Keywords

1 Introduction

The considerable advancement in the field of the Internet of Things (IoT) in the current modern era has made human existence more evolved (Al-Qurabat and Abdulzahra 2020). It has improved the standard of living for all people. Along with the development of WSNs, the IoT idea was broadened. A WSN is made up of N sensor nodes (SNs) that are scattered at random throughout a geographic region (Abdulzahra et al. 2021). These sensors collect information about the surroundings, including humidity, acoustics, light, vibration, and temperature. The data collected is sent to a sink node, which is a base station (BS). A WSN-based IoT application is made up of a collection of self-contained sensors that may collect data from their surroundings in order to create a general overview of the controlled region (Idan Saeedi and Al-Qurabat 2021).

The transmission of data is the most energy-intensive function for SNs in WSNs. As a result, fewer data transfers or lower transmission power are necessary to decrease energy consumption. Furthermore, a number of requirements in the network’s architecture and operation must be satisfied in order for WSNs to be employed. Because SNs have a fixed quantity of energy, energy conservation is typically seen as the most important difficulty in maintaining network connectivity and prolonging the SN’s life span, especially if the deployment region is harsh or hostile and the battery is not replaceable (Idrees and Al-Qurabat 2021; Saeedi and Al-Qurabat 2022).

Clustering is one viable option for addressing these issues and making the most of available energy. Clustering, which splits the network into clusters and forces SNs in each cluster to transmit data to a cluster head (CH), is responsible for this (Panchal and Singh 2021). Because the sensors are so near to the CHs, they may lower their transmission powers, reducing energy usage and increasing the network’s life span. CHs are selected from among the SNs to oversee the collection of data from sensors within their clusters, aggregate it, and transfer it to the BS (Gantassi et al. 2020).

We offer a unique clustering protocol based on fuzzy c-means with distance- and energy-limited termed (FCMDE) for clustering, CH selection, and data transfer to increase the life span of WSN-based IoT. Instead of picking the node closest to the fuzzy c-means centroid as CH, as in earlier research (Panchal and Singh 2021; Qin et al. 2017), FCMDE picks the node closest to the majority of nodes in the network. The proximity criterion ensures that nodes in each cluster remain close to their CH at all times, allowing them to broadcast at much lower power levels. We aim to apply an energy threshold to hypothesis the dynamicity of CH based on current energy levels rather than substituting CHs for dynamic clustering at each period in this investigation. The change in how the CH is chosen has a significant impact on the network’s energy consumption.

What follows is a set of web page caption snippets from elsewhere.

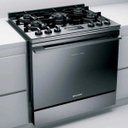 Ver imagem 3 de Fogão Brastemp 5 Bocas de Embutir Cor Inox com Mesa de Vidro e Touch Timer com Autodesligamento - By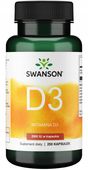 WITAMINA D3 2000 iu 250 KAP SWANSON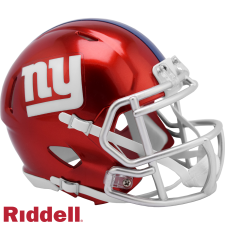 NY Giants Flash mini helmet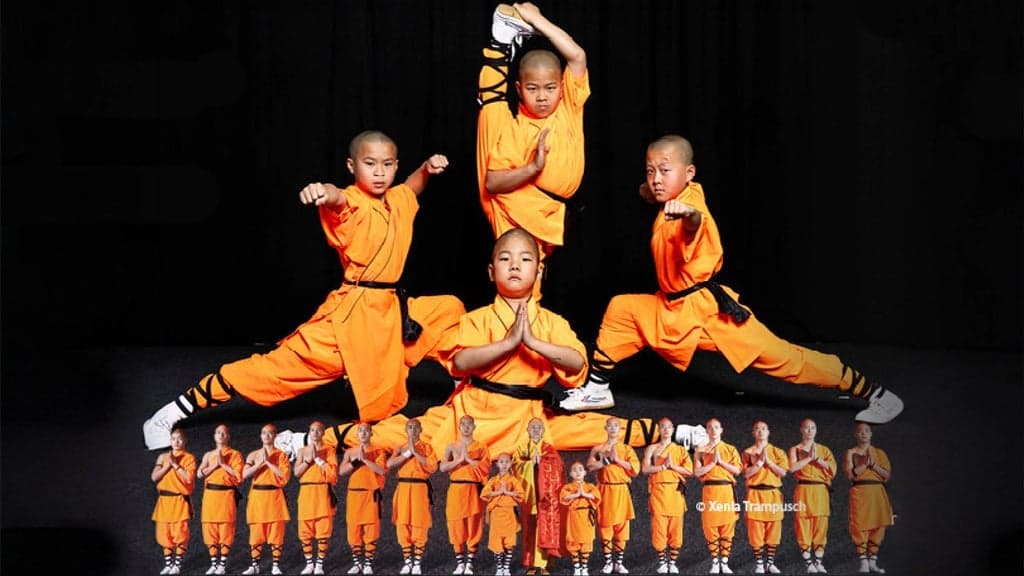 Shaolin Monks - Kung-Fu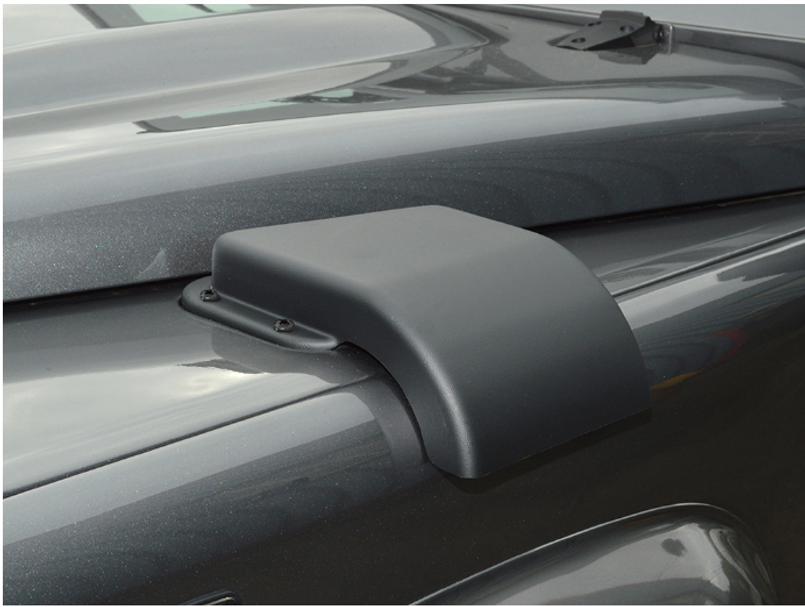 LR104SCN/S - Left Hand Snow Cowl for Land Rover Defender (RHD Vehicles) - Wing Top Air Intake Image 1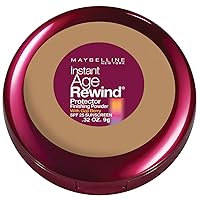 New York Instant Age Rewind Protector Finishing Powder, Buff Beige, 0.32 Ounce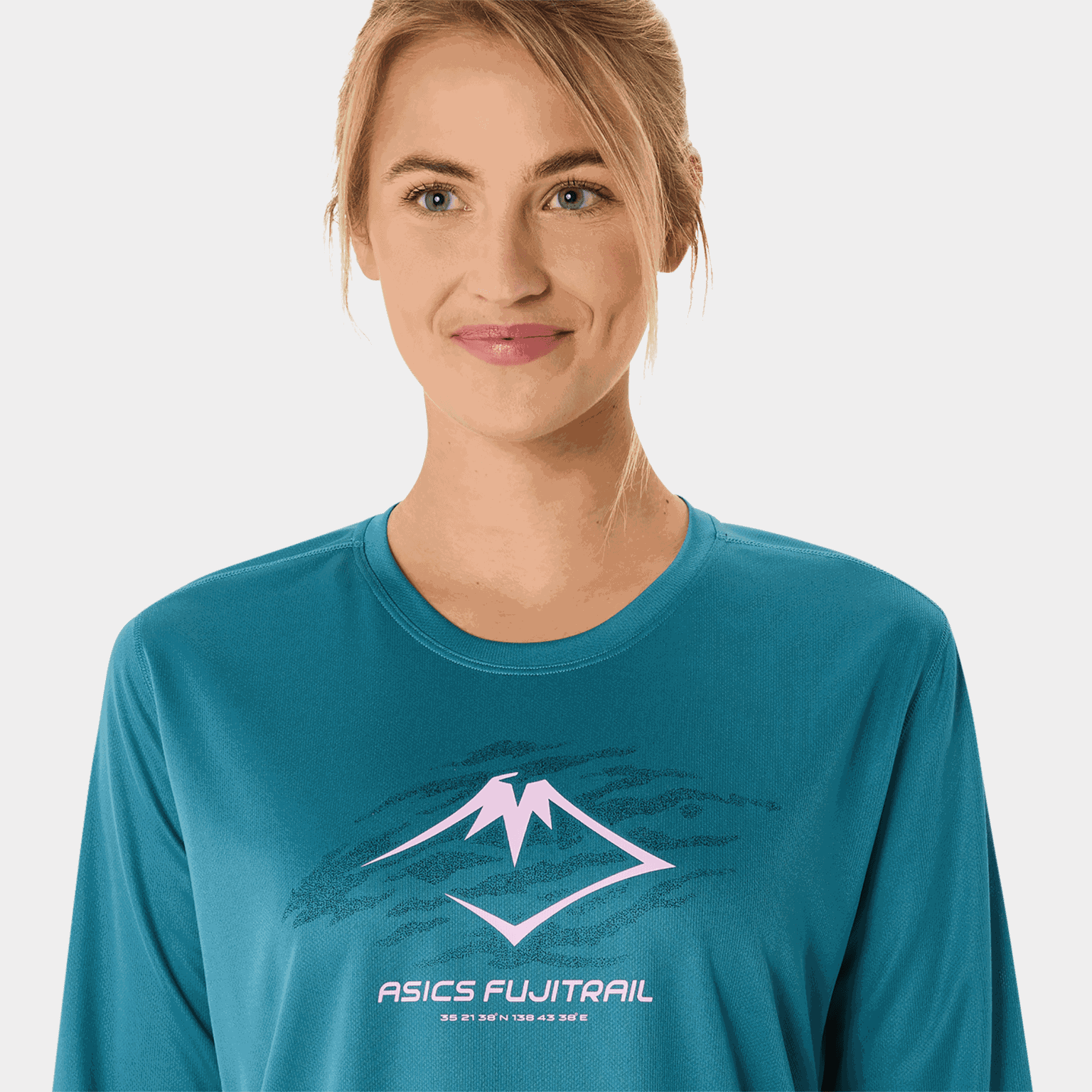 Fujitrail Logo Long Sleeve Top, treningsgenser, dame - full image 4
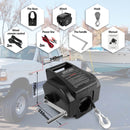 X - BULL 5000LBS Electric Boat Winch 12V Portable Detachable Marine Ship Trailer Winch - RnR Galore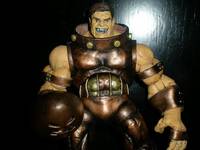 Juggernaut (X-Men) Custom Action Figure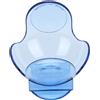 MAJONMMERD Supporto per Pallina da Tennis in Vita, Clip per Pallina da Tennis in ABS, Contenitore Portatile per da 48 G con Accesso Rapido, Aiuto per l'allenamento a Mani Libere per Esercizi di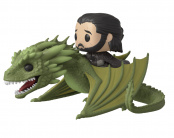 Фигурка Funko POP Rides: Game of Thrones  – Jon Snow w/Rhaegal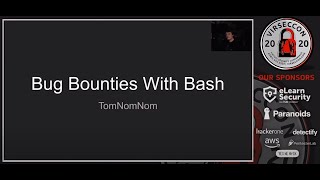 Bug Bounties With Bash - VirSecCon2020 Talk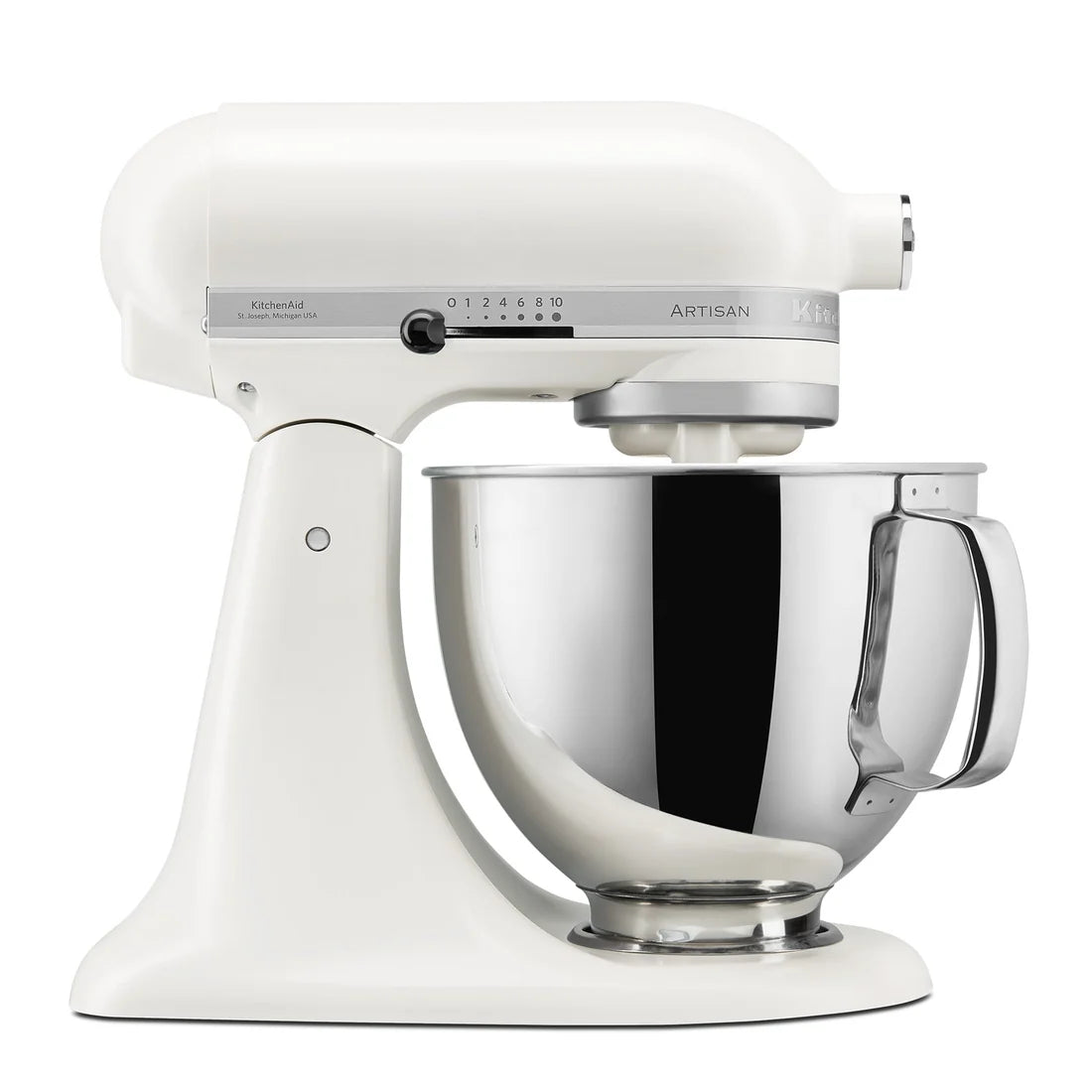 Kuchynský robot Artisan 4,8 L – porcelánová biela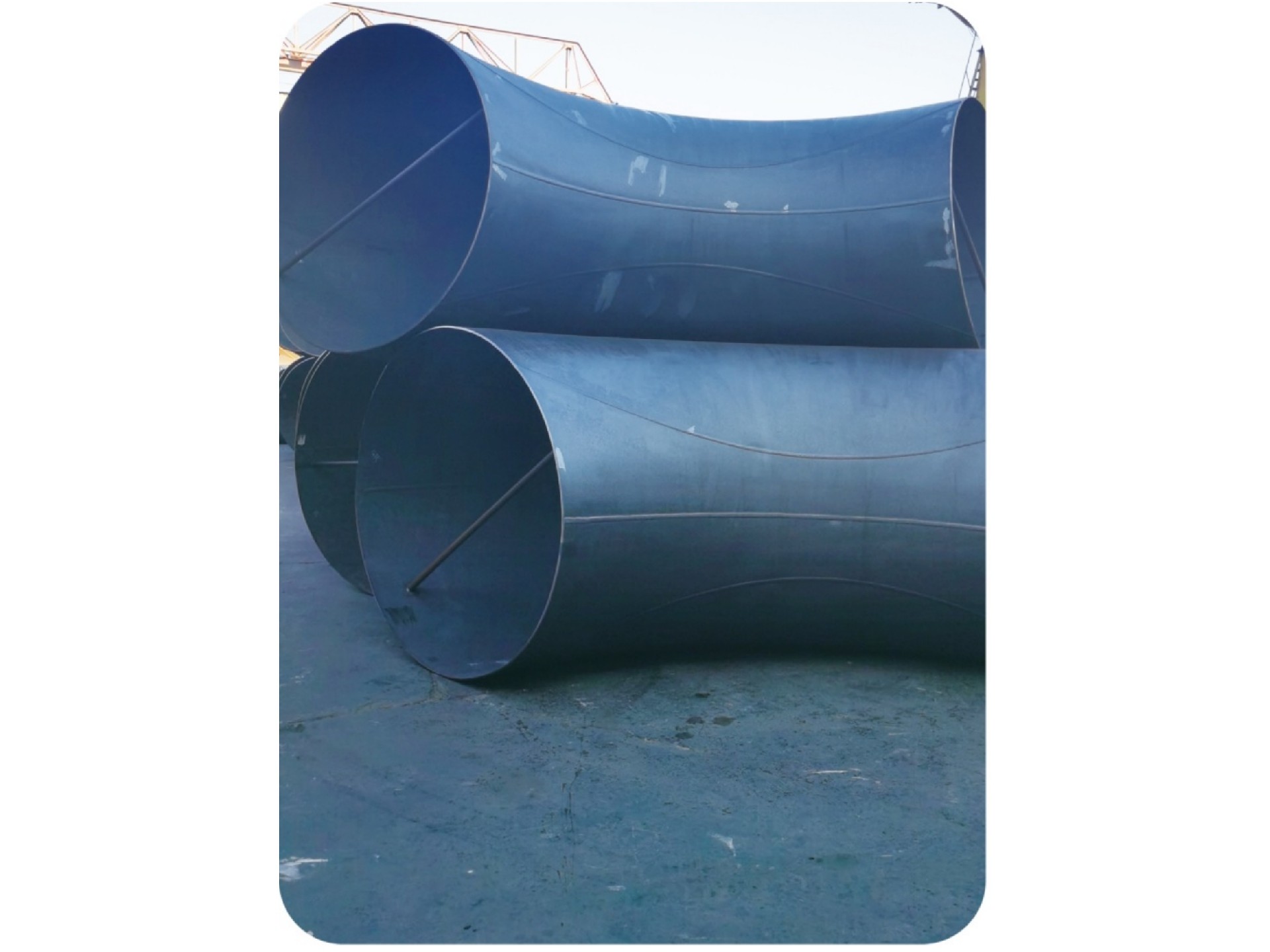 大口徑對(duì)焊彎頭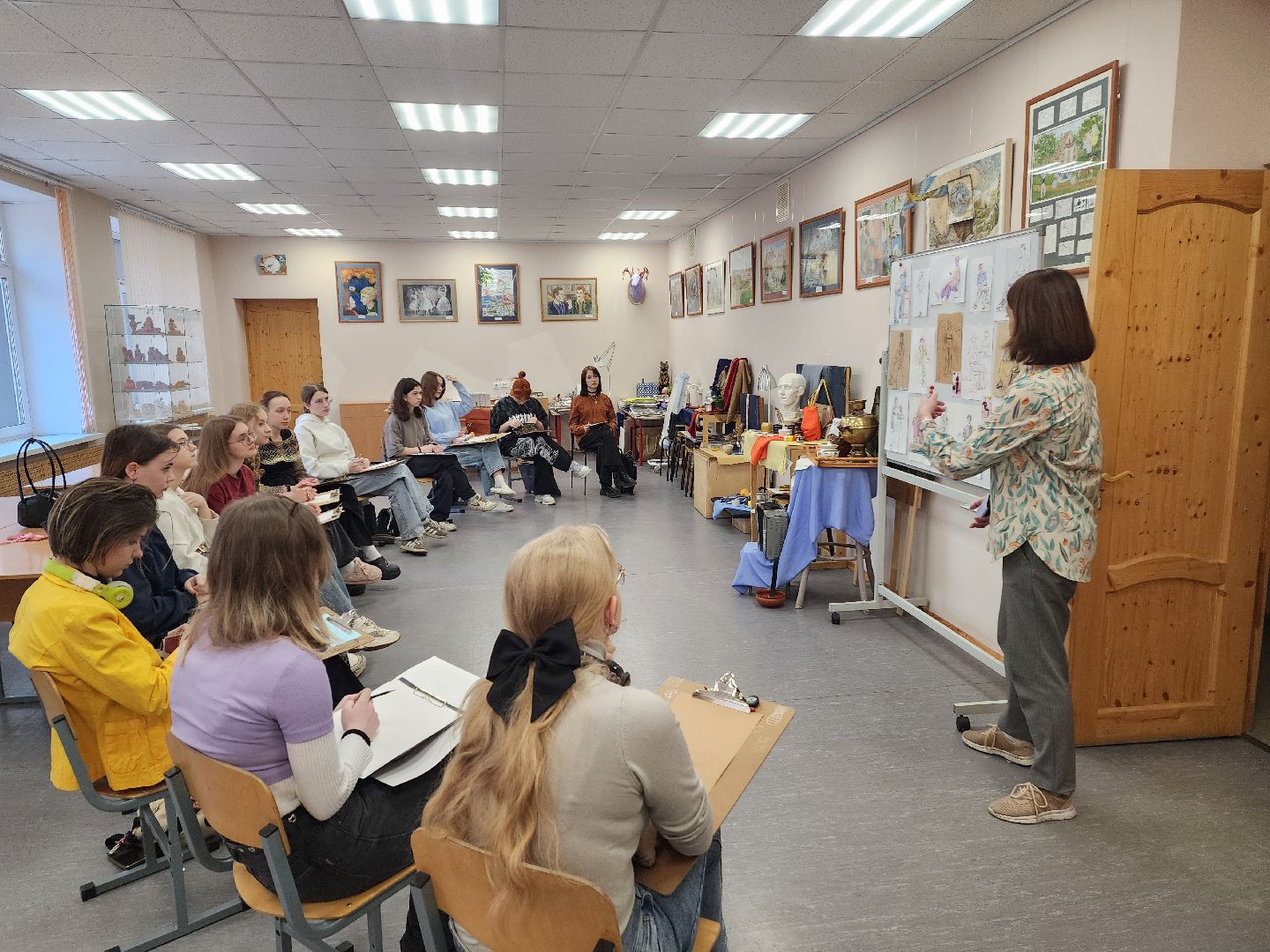 красноармейск, городской округ пушкинский, конкурс художников, год защитника отечества, вертикалки,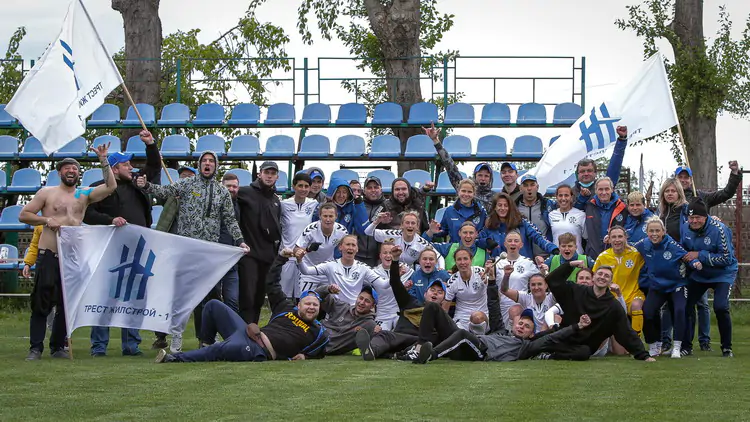 «Жилстрой-1» стал чемпионом Украины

The remaining portions of the paper are described below. Section 2 includes the related works. Section 3 briefly introduces the network concept and energy consumption model. Section 4 contains a full overview of the suggested protocol. The simulation findings and discussions are presented in Sect. 5. Section 6 outlines the paper’s conclusion.

2 Related Works

The sensor nodes in the network may be configured to operate as CH either centrally or distributedly. The first uses a BS to control CH selection, but the second is completely self-contained. Distributed protocols include low-energy adaptive clustering hierarchy (LEACH) (Heinzelman et al. 2000), hybrid energy-efficient distributed clustering (HEED) (Younis and Fahmy 2004), and others. Machine learning is increasingly being utilized to divide the network into clusters, from which CHs are selected depending on predefined criteria. This may be performed using algorithms like k-means (Gantassi et al. 2020; Qin et al. 2017; Cai et al. 2019) and fuzzy c-means (Panchal and Singh 2021; Qin et al. 2017), which are becoming more popular in WSNs, IoT, and crowd-sensing applications.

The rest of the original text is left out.